#  >  > Occult Discussion >  >  > Angels & Demons >  >  >  My Guardian Demon

## E7than

Okay, so several weeks ago or so I had a dream I was surrounded in darkness. I didn't feel scared, happy, or any emotion at all. I heard a clear but gental voice whisper the name "Raim" as if it were a female voice. Then, it spelled out slowly "Raim" in glowing red letters. I looked up the name and I found he was one of the goetia demons also known as "Raum" and the Joy of Satan website claims he is also the ancient Egyptian God "Khnum" who was a creature and water deity. I haven't tried to summon/invite him or anything like that yet, but this got me very interested.

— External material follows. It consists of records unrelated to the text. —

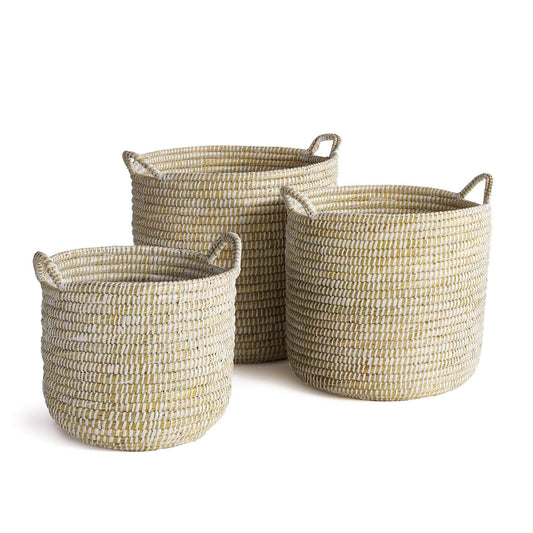 three woven baskets sitting next to each other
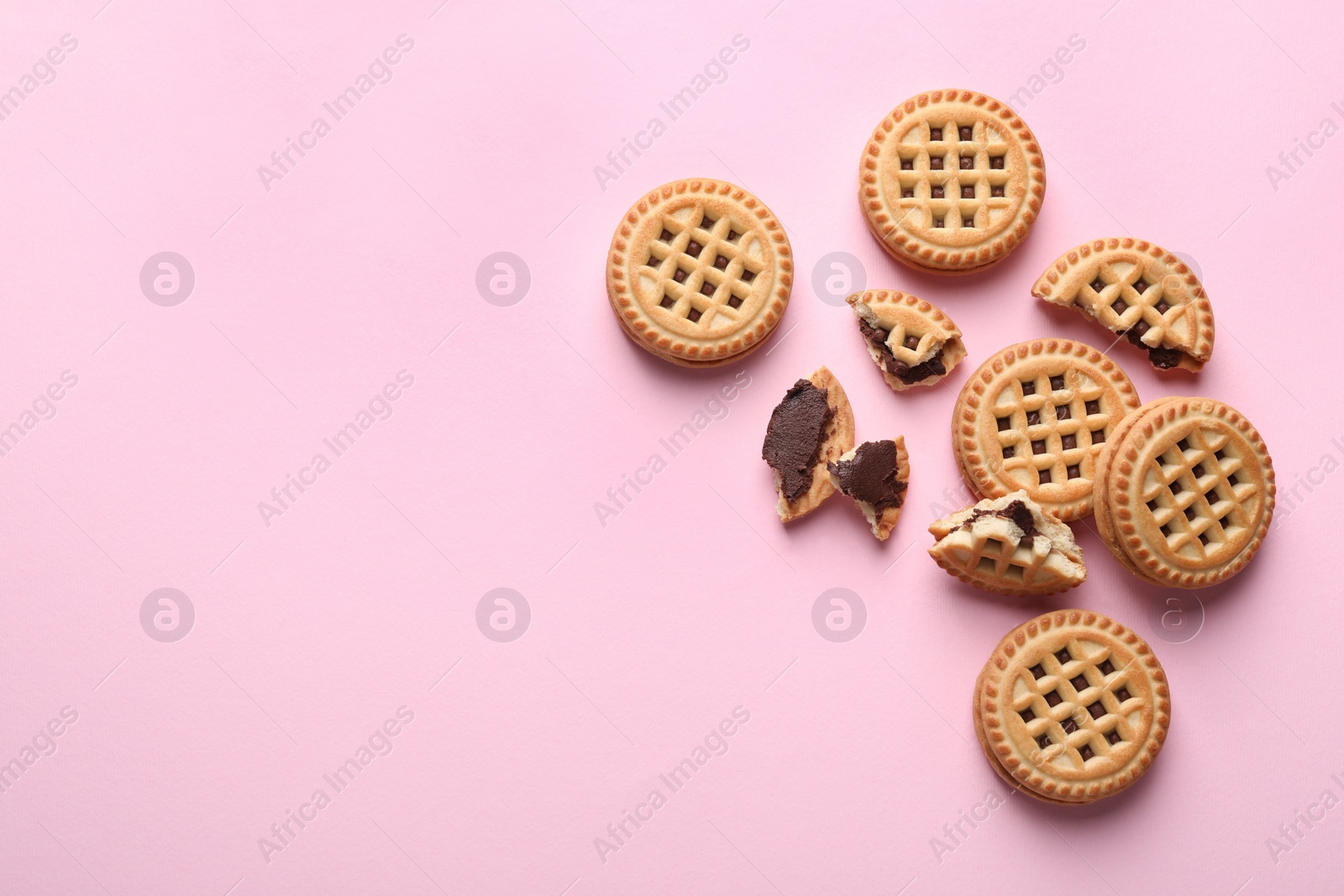 Photo of Tasty sandwich cookies with cream on pink background, flat lay. Space for text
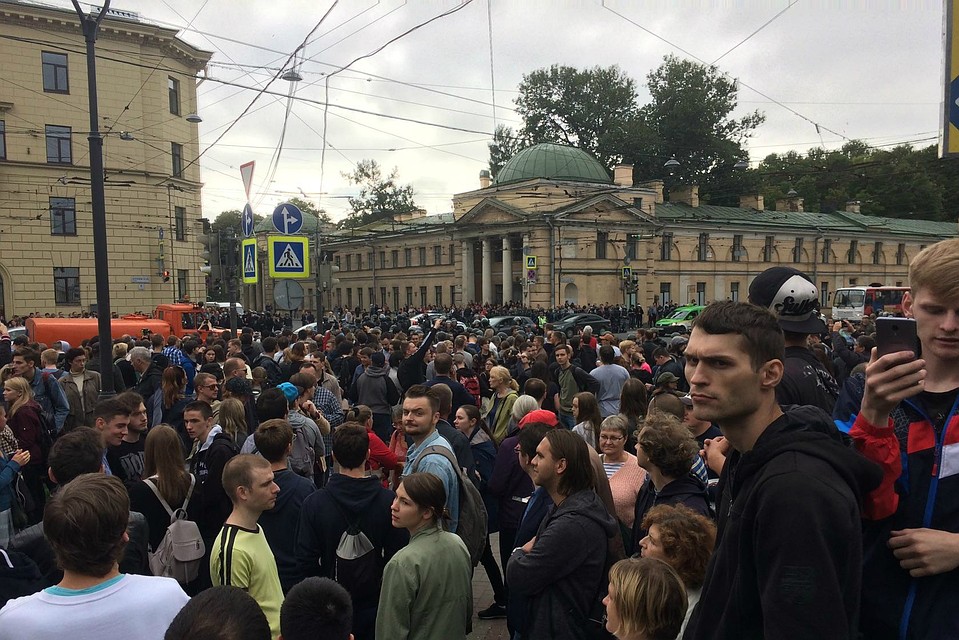 В руках у митингующих - плакаты и флаги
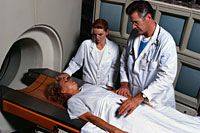 Picture of a patient in a CT scanner, with a physician and a technologist present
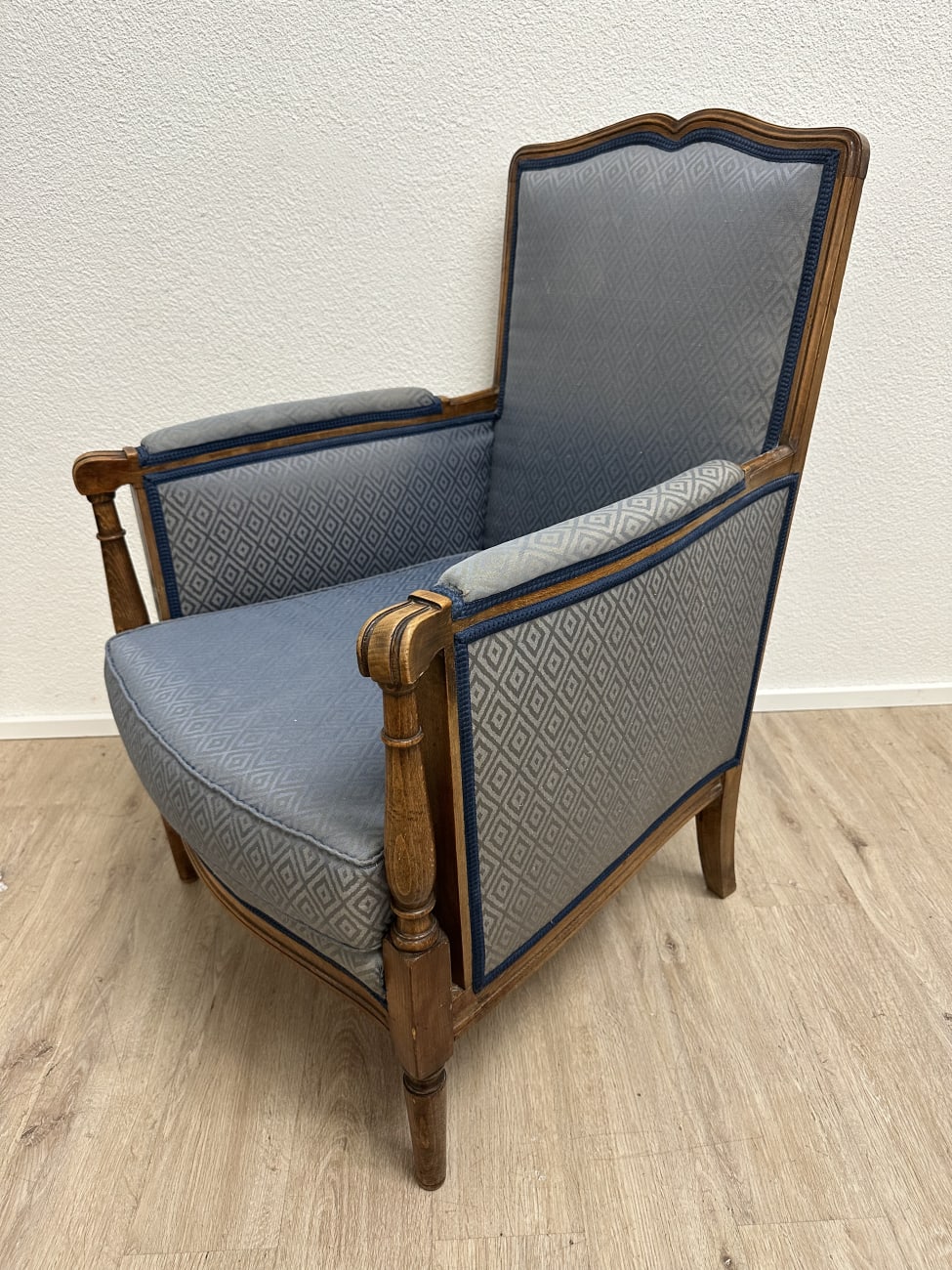 Vintage Sessel mit blau gemustertem Stoffbezug und Holzfüssen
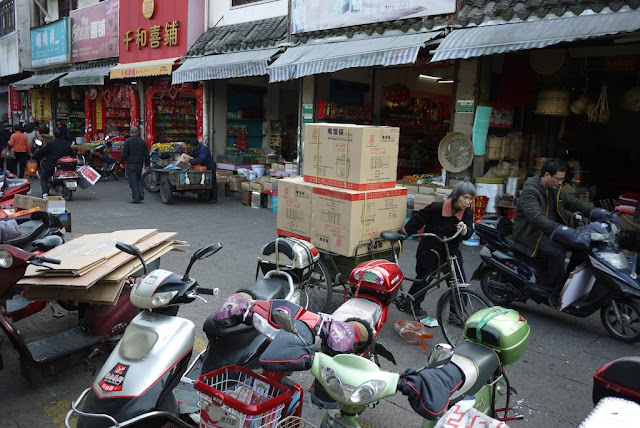 woman pushing a tricycle cart at Xiaoshan Street in Shaoxing, China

About a week or so after that, I was casting a spell with a sigil I made using the Avern Alphabet and latin all mixed together. After casting this spell, I saw a man with the head of a white goat, black and red eyes(similar to the doll from saw), and long black robes, darker than any shade of black I had ever seen. I'm not sure if this is Raim/Raum simply because Raim/Raum has the head of a Ram, not a goat. But ever since seeing this demon, I've felt his presince and I've felt so happy. From what I can tell, in my minds eye, I think his name starts with a Z.

But what I don't get is, why would Raim/Raum send me his name in a dream then me see this whole other being? Can anyone help me on this?

----------


## E7than

I have a ouija board, but it usually doesn't work well with me. I will try again.

----------